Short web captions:
=== Begin Enclosure ===
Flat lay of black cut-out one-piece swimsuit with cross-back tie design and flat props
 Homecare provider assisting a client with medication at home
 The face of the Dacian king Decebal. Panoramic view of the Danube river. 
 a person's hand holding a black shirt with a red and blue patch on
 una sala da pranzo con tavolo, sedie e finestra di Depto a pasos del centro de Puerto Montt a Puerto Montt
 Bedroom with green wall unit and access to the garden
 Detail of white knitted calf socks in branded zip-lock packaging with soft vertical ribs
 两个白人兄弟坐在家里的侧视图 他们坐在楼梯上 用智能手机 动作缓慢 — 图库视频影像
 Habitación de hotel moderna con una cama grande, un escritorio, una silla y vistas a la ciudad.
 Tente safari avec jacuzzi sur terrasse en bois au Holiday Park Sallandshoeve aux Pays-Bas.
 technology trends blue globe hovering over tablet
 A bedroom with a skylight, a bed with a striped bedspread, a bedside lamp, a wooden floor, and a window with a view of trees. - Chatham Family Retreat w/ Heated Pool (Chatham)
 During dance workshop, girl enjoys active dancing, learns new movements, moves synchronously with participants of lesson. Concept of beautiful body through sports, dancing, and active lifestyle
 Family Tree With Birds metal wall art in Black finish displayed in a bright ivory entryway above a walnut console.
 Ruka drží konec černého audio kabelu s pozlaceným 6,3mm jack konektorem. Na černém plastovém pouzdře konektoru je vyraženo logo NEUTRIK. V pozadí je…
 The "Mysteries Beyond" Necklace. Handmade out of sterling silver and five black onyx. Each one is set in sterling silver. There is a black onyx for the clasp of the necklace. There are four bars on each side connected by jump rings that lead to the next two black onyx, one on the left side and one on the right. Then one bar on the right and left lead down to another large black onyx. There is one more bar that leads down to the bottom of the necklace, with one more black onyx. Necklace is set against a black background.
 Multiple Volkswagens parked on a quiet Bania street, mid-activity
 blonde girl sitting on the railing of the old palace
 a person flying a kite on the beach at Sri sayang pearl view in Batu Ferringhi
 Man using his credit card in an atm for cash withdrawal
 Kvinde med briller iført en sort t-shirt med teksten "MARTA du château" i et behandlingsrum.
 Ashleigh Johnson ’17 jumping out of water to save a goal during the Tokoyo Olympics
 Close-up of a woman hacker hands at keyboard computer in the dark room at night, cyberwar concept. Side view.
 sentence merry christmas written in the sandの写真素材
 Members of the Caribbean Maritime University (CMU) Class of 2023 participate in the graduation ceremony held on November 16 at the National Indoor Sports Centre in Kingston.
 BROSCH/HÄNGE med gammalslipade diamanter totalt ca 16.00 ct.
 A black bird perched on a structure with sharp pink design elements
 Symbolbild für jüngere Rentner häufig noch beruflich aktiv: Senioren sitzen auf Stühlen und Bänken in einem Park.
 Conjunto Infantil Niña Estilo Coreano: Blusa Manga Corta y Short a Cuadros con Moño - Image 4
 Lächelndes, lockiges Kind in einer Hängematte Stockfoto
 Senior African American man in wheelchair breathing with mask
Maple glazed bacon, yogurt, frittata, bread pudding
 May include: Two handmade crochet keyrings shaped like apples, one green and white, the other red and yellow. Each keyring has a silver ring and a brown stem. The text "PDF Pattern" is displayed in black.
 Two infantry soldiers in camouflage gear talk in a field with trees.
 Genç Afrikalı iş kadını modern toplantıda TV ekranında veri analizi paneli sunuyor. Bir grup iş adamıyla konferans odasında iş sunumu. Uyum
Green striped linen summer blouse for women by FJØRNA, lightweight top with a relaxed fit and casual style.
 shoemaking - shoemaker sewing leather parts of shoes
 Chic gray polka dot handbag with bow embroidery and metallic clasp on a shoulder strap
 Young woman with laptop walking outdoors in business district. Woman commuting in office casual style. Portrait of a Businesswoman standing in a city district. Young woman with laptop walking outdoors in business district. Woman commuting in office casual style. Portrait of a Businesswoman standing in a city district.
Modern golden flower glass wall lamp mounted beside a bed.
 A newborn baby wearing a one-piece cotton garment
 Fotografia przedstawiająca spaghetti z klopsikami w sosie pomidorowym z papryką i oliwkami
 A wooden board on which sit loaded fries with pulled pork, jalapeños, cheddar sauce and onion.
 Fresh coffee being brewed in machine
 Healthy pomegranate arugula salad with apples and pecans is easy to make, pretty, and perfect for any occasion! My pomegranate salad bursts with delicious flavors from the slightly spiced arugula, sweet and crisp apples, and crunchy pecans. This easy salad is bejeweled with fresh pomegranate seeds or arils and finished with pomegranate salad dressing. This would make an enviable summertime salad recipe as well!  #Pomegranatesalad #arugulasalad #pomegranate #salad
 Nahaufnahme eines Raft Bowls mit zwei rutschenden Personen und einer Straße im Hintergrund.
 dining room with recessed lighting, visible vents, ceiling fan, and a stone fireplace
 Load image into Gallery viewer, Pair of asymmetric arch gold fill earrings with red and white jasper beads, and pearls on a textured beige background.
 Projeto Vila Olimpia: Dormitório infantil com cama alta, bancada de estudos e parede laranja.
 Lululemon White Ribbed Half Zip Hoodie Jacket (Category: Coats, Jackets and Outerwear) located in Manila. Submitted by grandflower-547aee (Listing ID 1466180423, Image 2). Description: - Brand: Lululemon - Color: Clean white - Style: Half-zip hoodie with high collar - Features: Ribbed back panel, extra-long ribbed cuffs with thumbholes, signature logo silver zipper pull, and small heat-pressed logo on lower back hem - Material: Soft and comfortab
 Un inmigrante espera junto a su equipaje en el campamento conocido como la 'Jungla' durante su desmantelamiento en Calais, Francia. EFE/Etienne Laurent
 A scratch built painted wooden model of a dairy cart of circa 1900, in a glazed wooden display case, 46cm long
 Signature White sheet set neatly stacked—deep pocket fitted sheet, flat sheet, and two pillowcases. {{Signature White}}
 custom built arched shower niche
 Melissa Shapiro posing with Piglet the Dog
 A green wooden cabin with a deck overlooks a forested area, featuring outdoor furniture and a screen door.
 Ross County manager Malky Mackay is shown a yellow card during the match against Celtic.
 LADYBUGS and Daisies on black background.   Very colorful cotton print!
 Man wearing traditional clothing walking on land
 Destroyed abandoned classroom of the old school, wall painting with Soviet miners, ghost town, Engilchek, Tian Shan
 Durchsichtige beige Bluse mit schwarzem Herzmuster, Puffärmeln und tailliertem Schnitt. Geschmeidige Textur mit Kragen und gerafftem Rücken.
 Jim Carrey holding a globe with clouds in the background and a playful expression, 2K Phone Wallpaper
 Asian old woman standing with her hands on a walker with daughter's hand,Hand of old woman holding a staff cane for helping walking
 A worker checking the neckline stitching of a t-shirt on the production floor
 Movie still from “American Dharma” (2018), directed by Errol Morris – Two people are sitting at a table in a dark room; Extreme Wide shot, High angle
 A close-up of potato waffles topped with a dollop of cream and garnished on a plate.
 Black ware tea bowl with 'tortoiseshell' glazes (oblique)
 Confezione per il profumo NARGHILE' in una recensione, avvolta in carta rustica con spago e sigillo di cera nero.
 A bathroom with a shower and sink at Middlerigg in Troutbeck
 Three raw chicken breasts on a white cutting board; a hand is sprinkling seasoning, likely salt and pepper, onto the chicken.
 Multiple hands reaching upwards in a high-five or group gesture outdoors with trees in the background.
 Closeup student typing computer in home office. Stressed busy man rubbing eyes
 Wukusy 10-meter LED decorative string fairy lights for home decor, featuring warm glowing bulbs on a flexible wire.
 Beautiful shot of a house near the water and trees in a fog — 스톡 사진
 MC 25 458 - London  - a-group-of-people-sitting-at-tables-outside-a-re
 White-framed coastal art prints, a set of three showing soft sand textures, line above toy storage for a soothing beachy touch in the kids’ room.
=== End Enclosure ===
Instructions for the task:
Return only the part of the records above that opens with the line containing "Symbolbild für jüngere" and closes with the line containing "city district. Young", ends included.

Solution to the exercise:
 Symbolbild für jüngere Rentner häufig noch beruflich aktiv: Senioren sitzen auf Stühlen und Bänken in einem Park.
 Conjunto Infantil Niña Estilo Coreano: Blusa Manga Corta y Short a Cuadros con Moño - Image 4
 Lächelndes, lockiges Kind in einer Hängematte Stockfoto
 Senior African American man in wheelchair breathing with mask
Maple glazed bacon, yogurt, frittata, bread pudding
 May include: Two handmade crochet keyrings shaped like apples, one green and white, the other red and yellow. Each keyring has a silver ring and a brown stem. The text "PDF Pattern" is displayed in black.
 Two infantry soldiers in camouflage gear talk in a field with trees.
 Genç Afrikalı iş kadını modern toplantıda TV ekranında veri analizi paneli sunuyor. Bir grup iş adamıyla konferans odasında iş sunumu. Uyum
Green striped linen summer blouse for women by FJØRNA, lightweight top with a relaxed fit and casual style.
 shoemaking - shoemaker sewing leather parts of shoes
 Chic gray polka dot handbag with bow embroidery and metallic clasp on a shoulder strap
 Young woman with laptop walking outdoors in business district. Woman commuting in office casual style. Portrait of a Businesswoman standing in a city district. Young woman with laptop walking outdoors in business district. Woman commuting in office casual style. Portrait of a Businesswoman standing in a city district.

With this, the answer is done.